John and Hensman (2018). Large-scale Cox process inference using variational Fourier features. International Conference on Machine Learning.

Aglietti et al. (2019). Structured variational inference in continuous cox process models. Advances in Neural Information Processing Systems 32.

2024-08-13

Thanks for the response!

I can’t follow the response wrt the linear+universal models. Linear functions are not universal, since they can only fit simple straight functions. Maybe you mean non-linear kernel functions, but they are then not linear (in the ambient space). There is clearly some confusion about terminology.

Also, can’t we do universal non-negative kernel functions already eg. by having an exponential link function on a (latent) kernel function?

Based on the response I think in FigB2 you take Aglietti’s GP model, and change the kernel. Is this accurate? But surely this can’t be true: the Cox-GP is already non-negative by exponential link function construction, so adding M-kernels there should do nothing. You are probably doing some bigger changes to the CGP model, perhaps by removing the exp-function. This does not seem to be defined in the paper. The M-kernel+CGP combination is mysterious to me.

It also seems that the Aglietti’s model is not properly executed: the FigB2IEK is giving pretty bad fit, and it does not look like the plots in Aglietti or Hensman. Maybe the code is not that great, but one should still try to tune the results until they looks roughly like the papers.

Overall I’m still not yet convinced of the paper’s merits. The theoretical contribution seems substantial, but if it’s limited to univariate cases I don’t see benefit. I think the main empirical contribution is that the M-kernels can make simple univariate fitting tasks faster, but I don’t think it really matters whether we can do it in 5 seconds or 0.05 seconds. I would assume that if we really care about having a good model, one would happily spend hours doing eg. MCMC to build a robust model.

Also, doing non-negative spline fitting is well known, and does not seem to suffer from computational bottlenecks. The paper should at least discuss them.
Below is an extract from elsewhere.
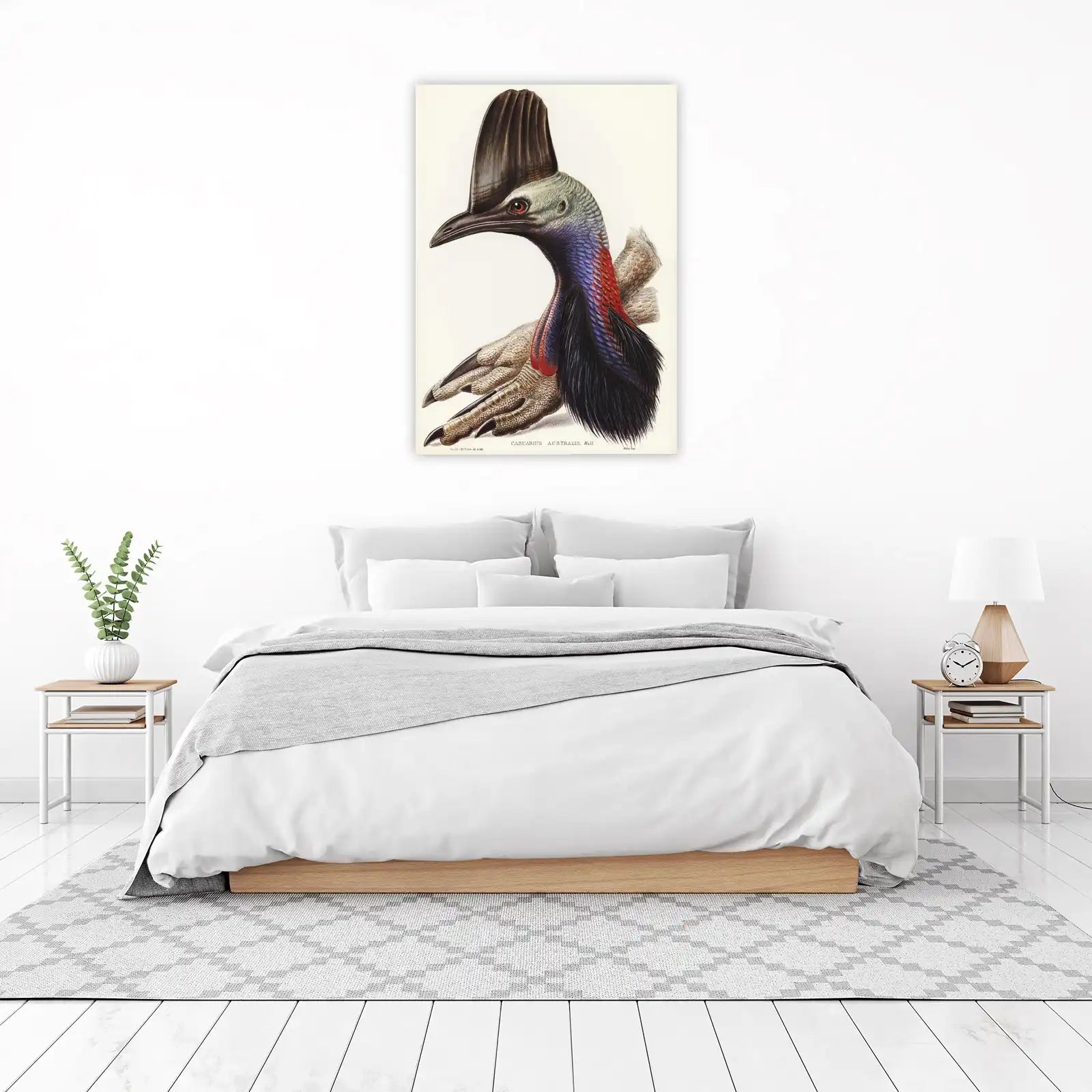 Majestic Cassowary Bird Vintage Wall Art Wall Art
Maybe a good demonstration of the method could be some really long time-series (eg. millions of points). Or perhaps the main contribution could be accelerating the CoxGP models, which would be very useful since GP inference is a major bottleneck. However to show this I think the paper should give a much more comprehensive treatment of how the M-kernels can be used to adapt CGP, and how they improve over the CGP domain in general [ie. comparing against a single CGP method from 5 years ago is not sufficient].

I still vote for rejection, but I will raise my score to 4, and would not object acceptance given others' positive reviews.

2024-08-14

We really appreciate the reviewer's responses. Unfortunately, the reviewer still seems to have misunderstood some points of our work, which we believe can be dispelled fully by the following discussion.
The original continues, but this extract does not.